There will be 17 testing stations across the country as part of the exit strategy.

Minister of Health Paulette Lenert and Minister of Higher Education and Research Claude Meisch held a press conference on Tuesday morning.

Large-scale testing for coronavirus will be rolled out across the country, with a testing capacity of up to 20,000 tests per day in 17 centres across the Grand Duchy. The voluntary diagnostic test is designed to help guide the government in lifting restrictions, by providing a detailed overview of the number of infections. The ambitious project will cost up to 40 million euros, covered by the research budget.

Lenert said Luxembourg needed to learn to live with the virus. Numbers are currently looking better and the situation has improved to the extent that testing can be carried out proactively.
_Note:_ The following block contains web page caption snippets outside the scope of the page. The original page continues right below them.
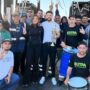 El SUTPA continúa el paro en AUBASA: “No están destruyendo una empresa, están destruyendo la actividad”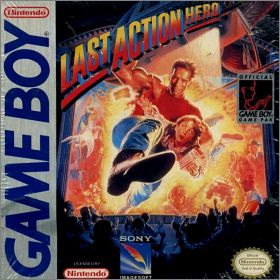 Last Action Hero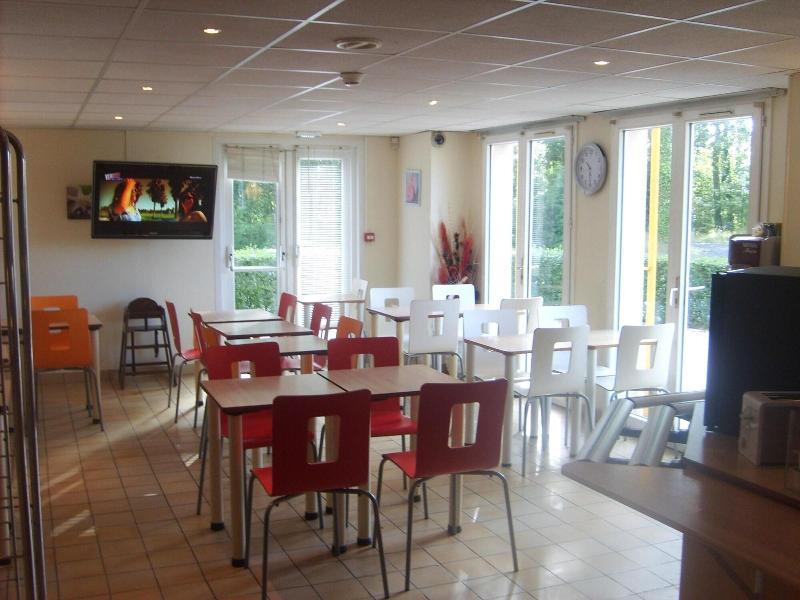 Premiere Classe Dunkerque Sud - Loon Plage Экстерьер фото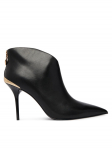 LOVE MOSCHINO Saapad JA21069G1PIA0000 Must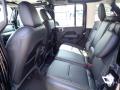 Rear Seat of 2023 Jeep Wrangler Unlimited High Altitude 4XE Hybrid #12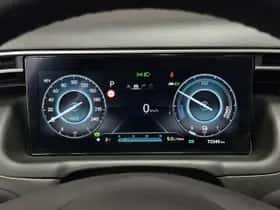Hyundai Tucson (2022) thumbnail 22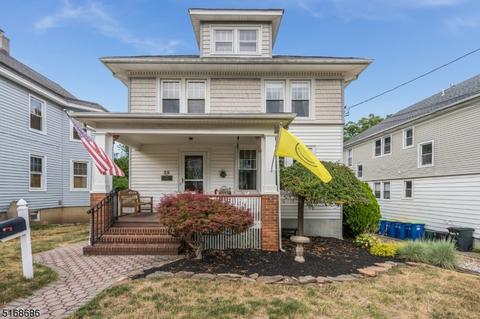 25 E Summit St, Somerville, NJ 08876 photo 1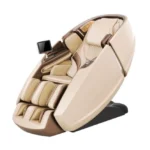 Rotai Gemini Massage Chair -Red Patented Technology For Dual Core - Image 3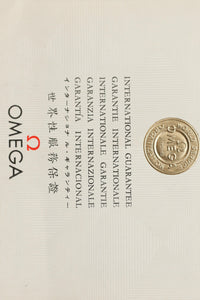 Omega Seamaster 600 135.011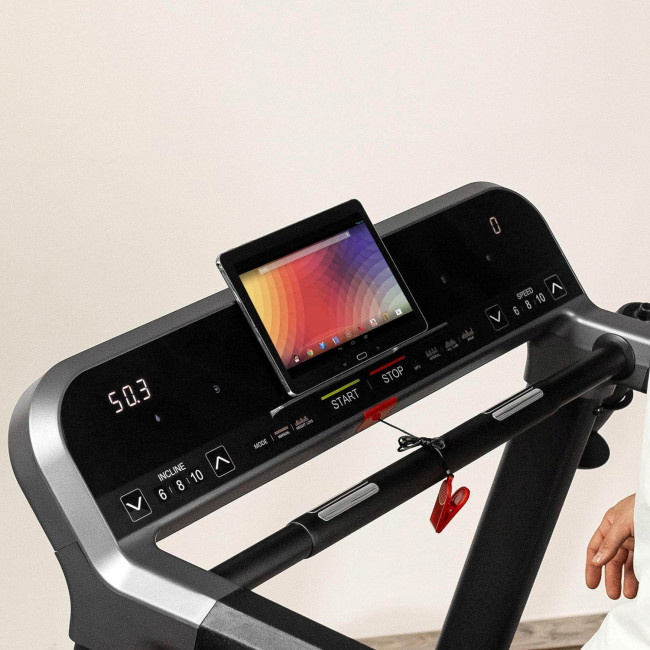 Бігова доріжка GYMTEK XT950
8,500 tests have been rolled out as an initial phase for students and teachers this week, with the remainder in place for early May. Meisch appealed to pupils to take advantage of the testing in order to detect potential asymptomatic cases, in a plan which will go nationwide. The school tests will provide an overview of cases which could potentially affect school, and provide data on the virus within younger members of the population.

Meisch underlined that more testing would in turn provide citizens with more freedom.

Retirement and care homes are also undergoing more testing, with initial results appearing to be reassuring.

Employees on building sites, which reopened a week ago, are also being tested. Results are still pending in these cases.

The CON-VINCE study has been running for several weeks, with 1,800 participants chosen to represent the population. These people have been tested for the virus and antibodies, with initial results due this week.

Both ministers appealed to citizens to make the most of the testing possibilities, in order to protect one another and ease a return to normal life. Meisch said Luxembourg was in a prime position to complete the testing project due to its high capacities and low population, in what could be a world first in combating the virus.